=== MATERIAL FOR THIS TASK ===

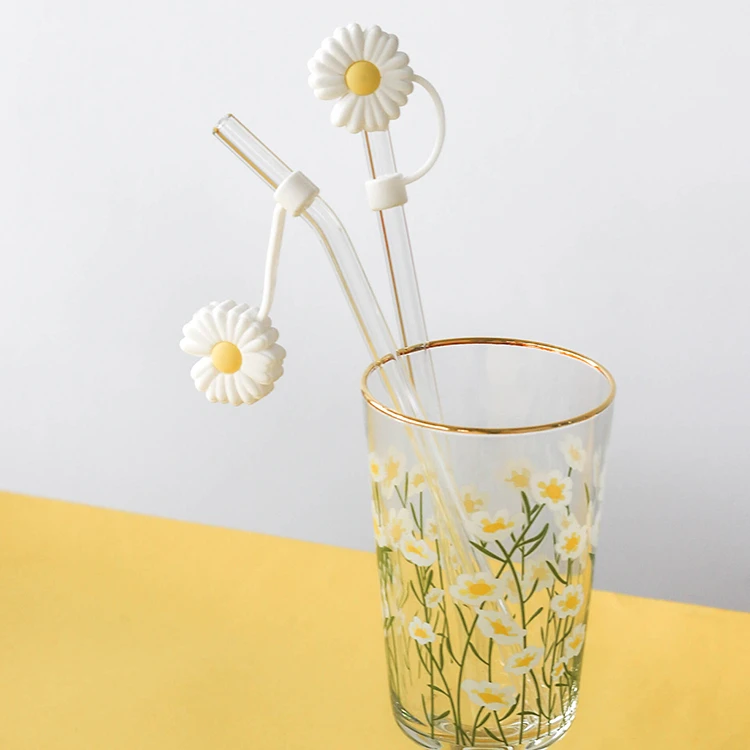 

Wholesale Reusable High Borosilicate Glass Drinking Straw Portable Glass With Straw With Custom Logo, Transparent clear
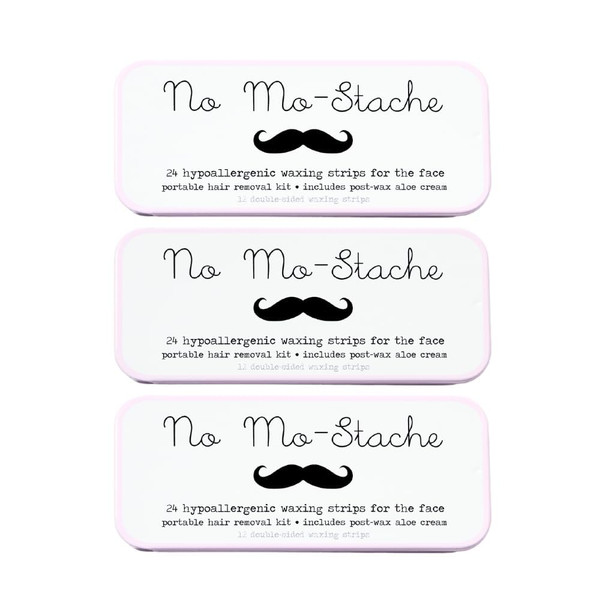 No Mo-Stache Lip Wax Kit 24 count 3 Pack - Skin Friendly Easy to Use Wax Strips - Travel Friendly Lip Wax Strip - Lip Hair Removal in No Time - Hypoallergenic Hair Removal Strips For Face, Lip, Brows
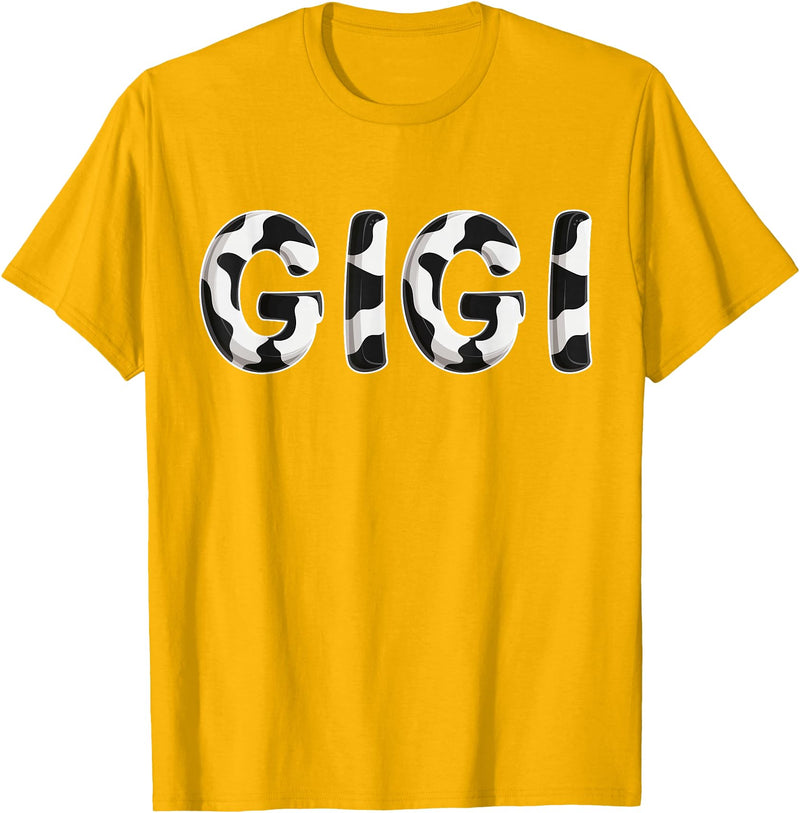 Cow Pattern Print Family Matching Birthday Shirts Cow Gigi Birthday Family Matching Mothers Day Boy Girl Farm T-Shirt -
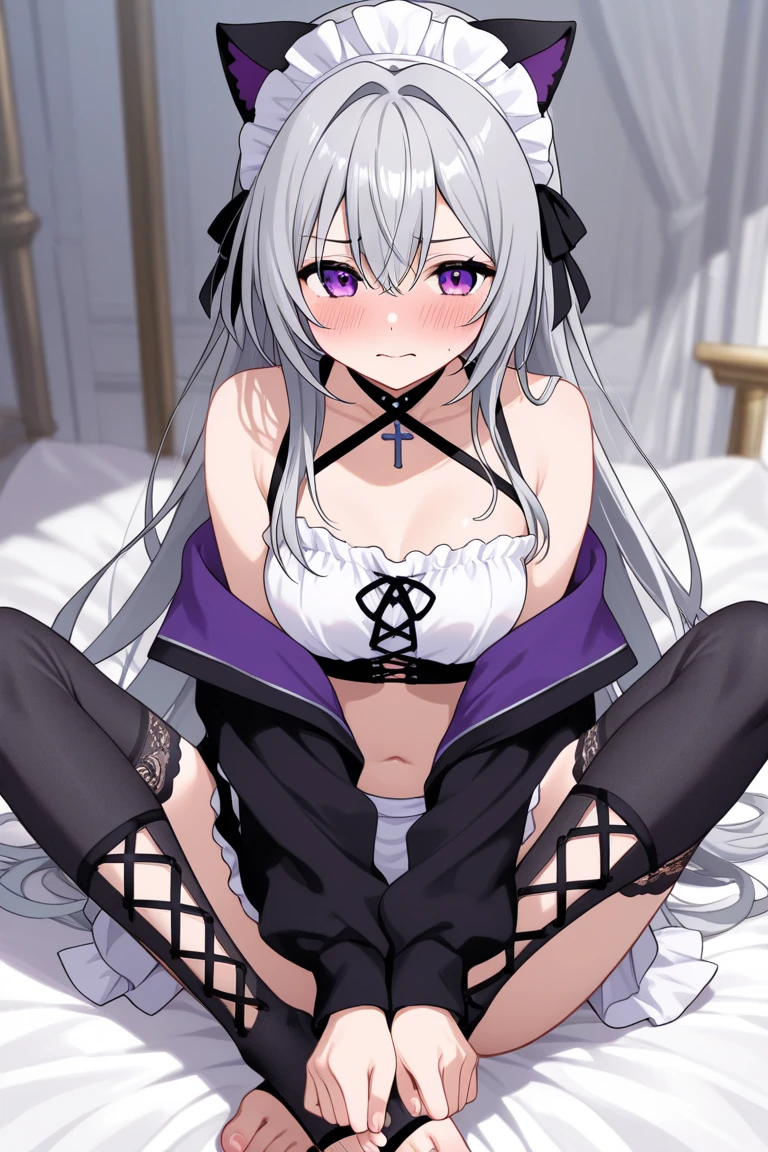 (tmasterpiece)、(top-quality)、(ultra - detailed)、(独奏)、Beautiful girl of 14 years old、small、mediuml breasts，Shoulders bare、Emphasize cleavage、Thighs exposed、Long white hair，super short lolita，bare-legged，Lie down in bed，Look at the camera shyly，Holding urine，Pee came out，Put your hands on the hem of your skirt，(A large amount of clear liquid squirted out of the underwear)，fully body photo，(pink panty)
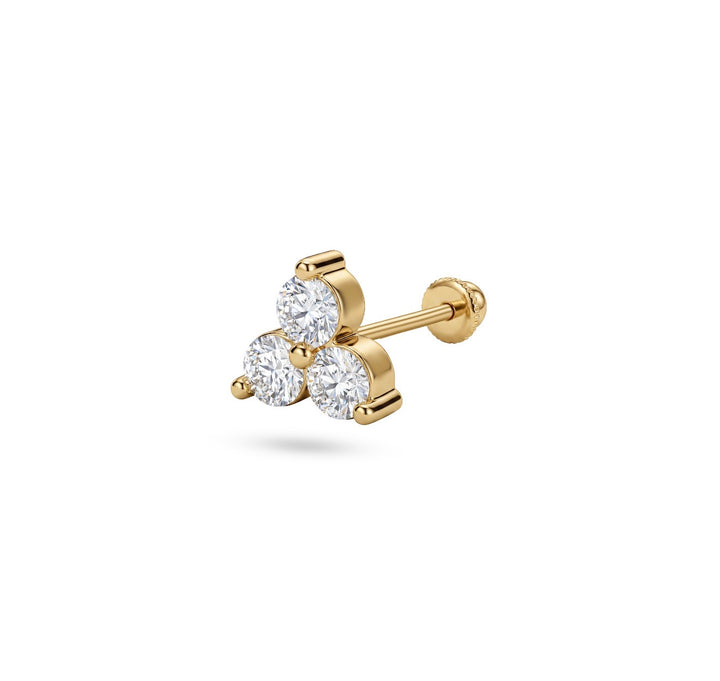 Iris gold ear piercing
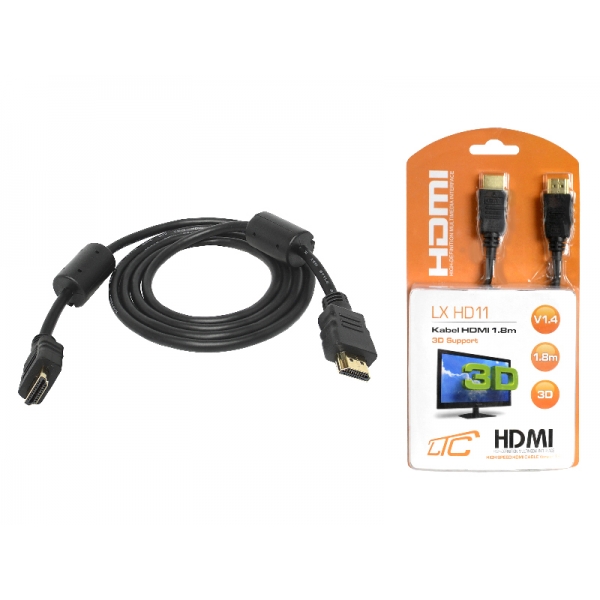 Kabel HDMI-HDMI, wtyki pozłacane, 19Pin + filtr, 1.8m Cu HQ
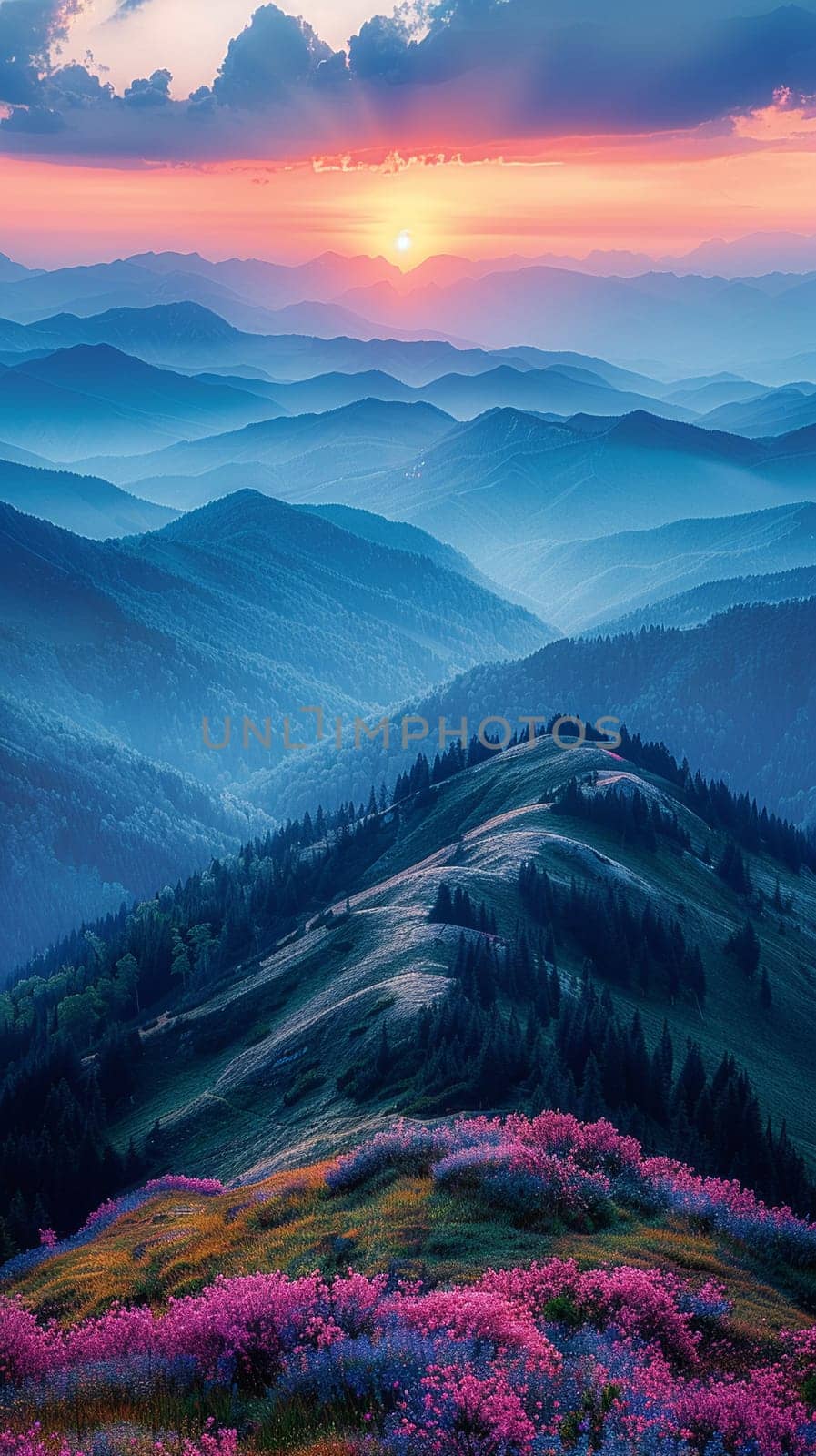 Layers of mountain ranges at sunset, offering a serene and majestic landscape.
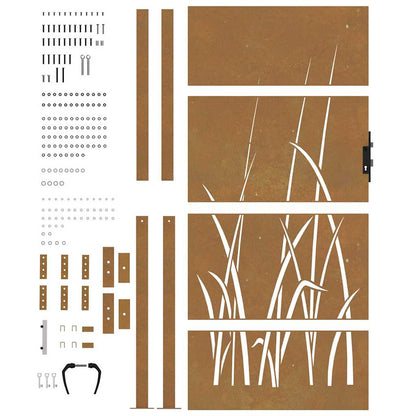 Gartentor Cortenstahl Gras-Design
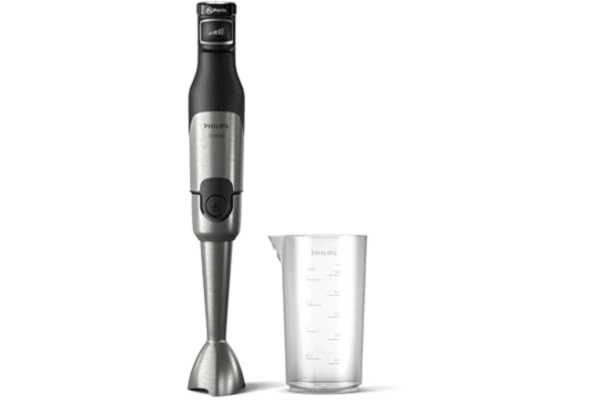 Philips  5000-Serie Stabmixer - 1200W Leistung. ProMix-Technologie. LED-Geschwindigkeitsanzeiger. Stufenlose Geschwindigkeitseinstellung. Kompaktes Design. Leicht zu reinigen. Schwarz (HR2681/00)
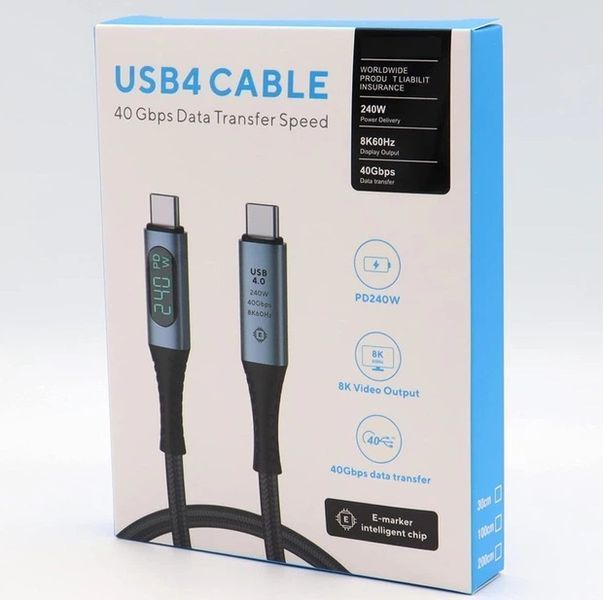 Кабель USB-С 4.0 Thunderbolt 3/4 PD з дисплеєм, швидка зарядка до 240W, 8K 60Ghz, швидкість 40Gbps (З чіпом E-mark) 480 фото
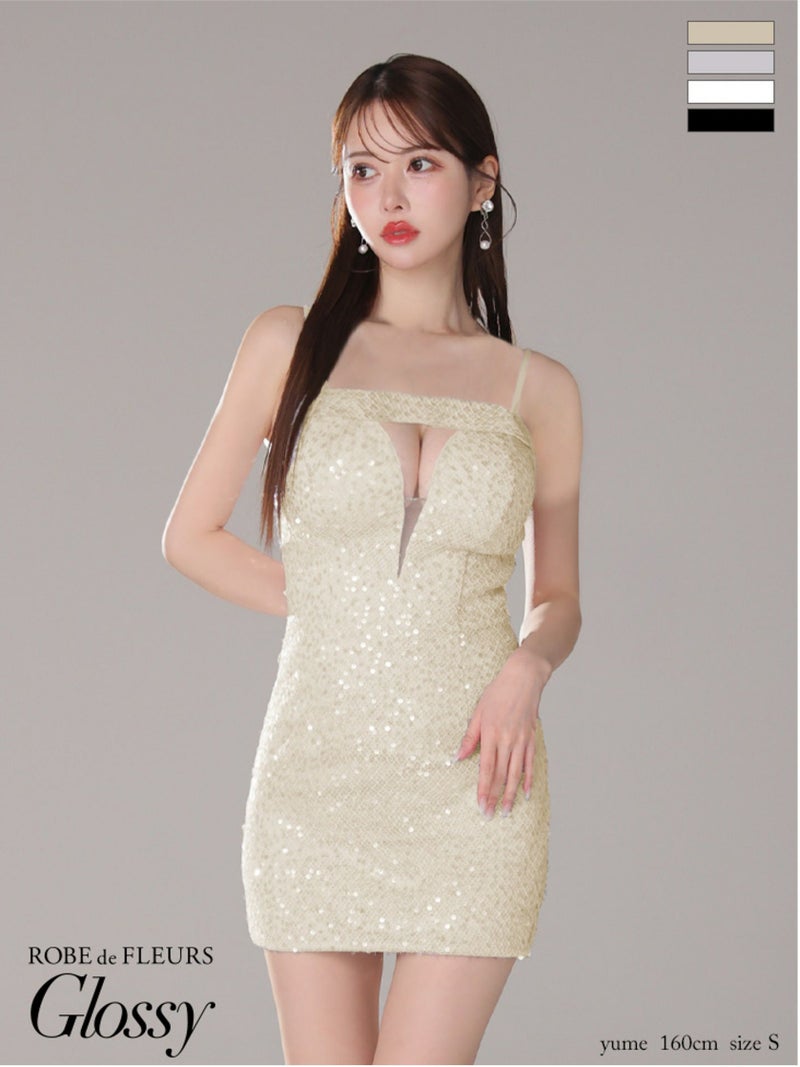 Glossy ローブドフルールグロッシー スパンコールバストカットミニキャミキャバドレス gl4105-c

===

[PROBLEM REQUIREMENTS]: Every line between the one containing "Kabel HDMI-HDMI, wtyki" and the end of the listing, both included, needs to be retyped exactly, minus the pictures.

[RESULT OF THE EXERCISE]:
 Kabel HDMI-HDMI, wtyki pozłacane, 19Pin + filtr, 1.8m Cu HQ
 Layers of mountain ranges at sunset, offering a serene and majestic landscape.
 Gartentor Cortenstahl Gras-Design
 Philips  5000-Serie Stabmixer - 1200W Leistung. ProMix-Technologie. LED-Geschwindigkeitsanzeiger. Stufenlose Geschwindigkeitseinstellung. Kompaktes Design. Leicht zu reinigen. Schwarz (HR2681/00)
 Кабель USB-С 4.0 Thunderbolt 3/4 PD з дисплеєм, швидка зарядка до 240W, 8K 60Ghz, швидкість 40Gbps (З чіпом E-mark) 480 фото
 Glossy ローブドフルールグロッシー スパンコールバストカットミニキャミキャバドレス gl4105-c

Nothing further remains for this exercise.